Pero no solo las relaciones sociales siguen democratizándose, también las que
dicen relación con la corporeidad y la intimidad. Las brechas que separaban a
los sexos, y a las formas del ser sexual (géneros), están siendo cerradas.
En los espacios
científicos y tecnológicos, artísticos y culturales,
Occidente sigue siendo vanguardia. A todo esto agrega una revolución
energética cuyas consecuencias a nivel mundial todavía no son
predecibles. Las innovaciones en la energía eólica y solar, por nombrar
solo a dos rubros, tendrán impactos en naciones que apostaron todo su
crecimiento a una economía basada en la explotación de la energía fósil.
Muchas de esas naciones son regidas hoy por
gobiernos autocráticos.
Cierto
es que existe un fuerte resentimiento antioccidental -muchas veces entendible –
incluso dentro del propio Occidente. Pero también es cierto que la mayoría de
los jóvenes en los países antidemocráticos quieren ser, o llegar a ser,
occidentales, y no solo en los ámbitos del consumo catarro, como imaginan los
gobiernos autoritarios. Occidente es mucho más que McDonald.

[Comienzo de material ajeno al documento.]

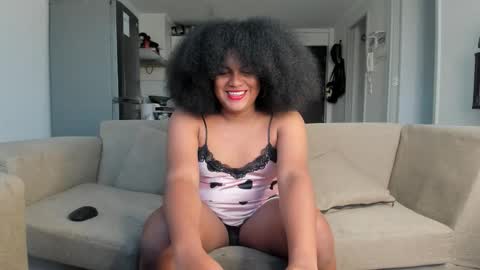 dani online show from February 24, 11:20 pm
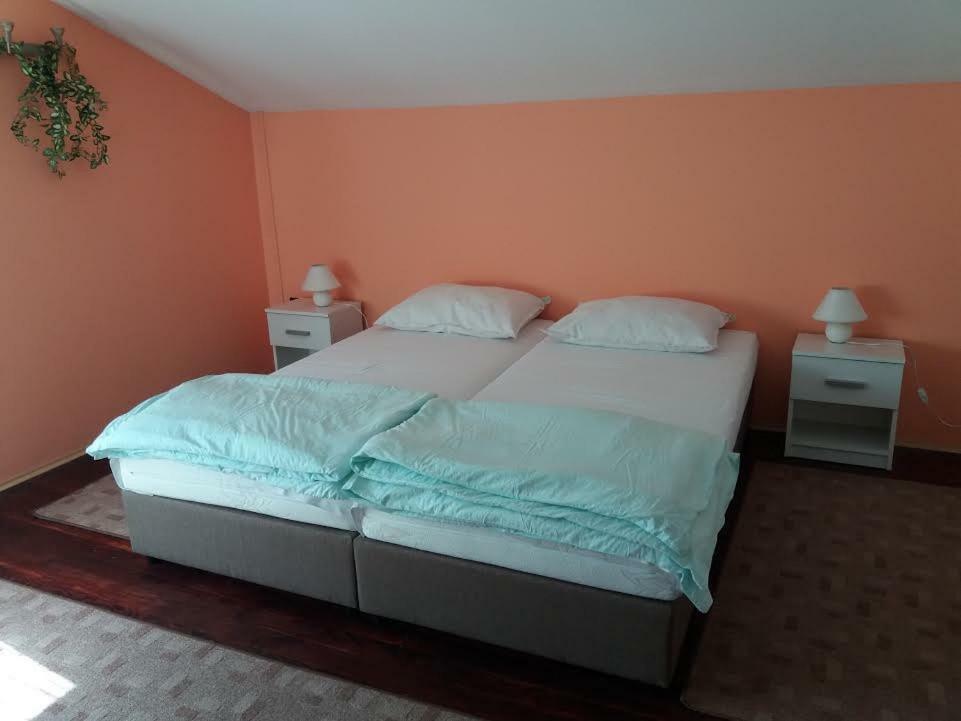 Apartmani Kristanic Карловац Экстерьер фото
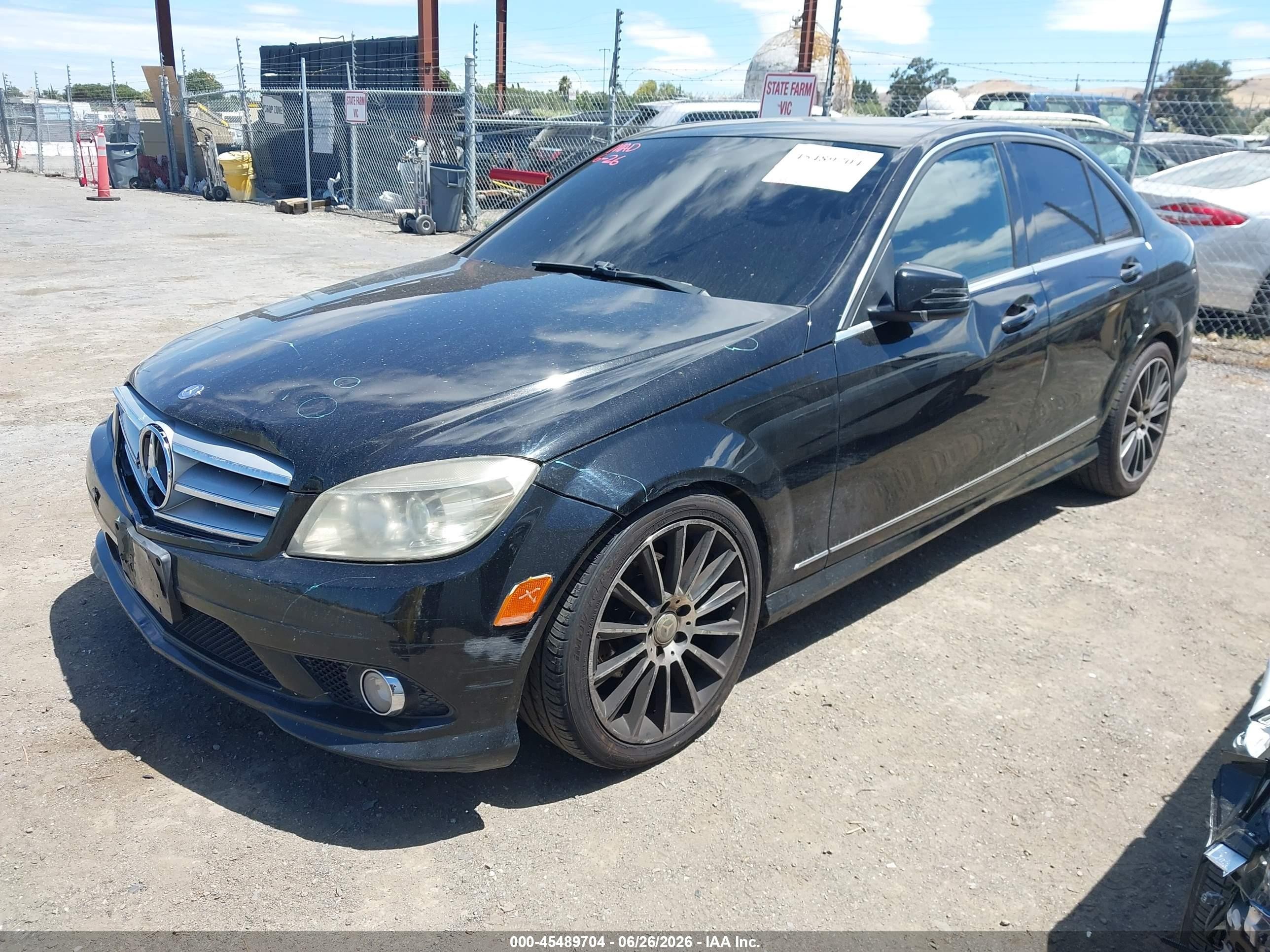 2010 Mercedes-benz C 300 Luxury/sport Black vin: WDDGF5EB6AR110560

Así lo han comprendido algunas dictaduras.
Cada
mujer que lucha por el derecho a no usar un velo es una enemiga occidental
en el Irán de los ayatolas. Cada gay apaleado en las calles de Moscú, es
un enemigo occidental en la Rusia de Putin. Cada estudiante o
intelectual disidente enviado a prisión, es un enemigo occidental en
la China de Jinping.
Y
quizás hay algo aún más importante. Mientras en los países
antioccidentales existe un enemigo llamado Occidente, en ese no-lugar virtual llamado
Occidente, no existe ningún enemigo llamado Oriente. En los países
occidentales, Oriente no es más que una noción geográfica, nunca una unidad
geopolítica o cultural. Para los gobiernos antidemocráticos, en cambio,
Occidente es un enemigo político y militar al que hay que derrotar y someter.
Pero fuera de eso no los une nada más. Si desaparece el odio antioccidental,
volverán a ser enemigos entre sí.
Occidente, en
fin, no está en guerra en contra de ningún Oriente. Más
allá de ser una noción geográfica, Oriente no existe como unidad política.
Mucho menos como un modo de vida. Y al fin y al cabo, nadie puede ser derrotado
por un enemigo que no existe. Hasta para ser antioccidentales, los enemigos de
«la sociedad abierta» (Popper), necesitan de Occidente.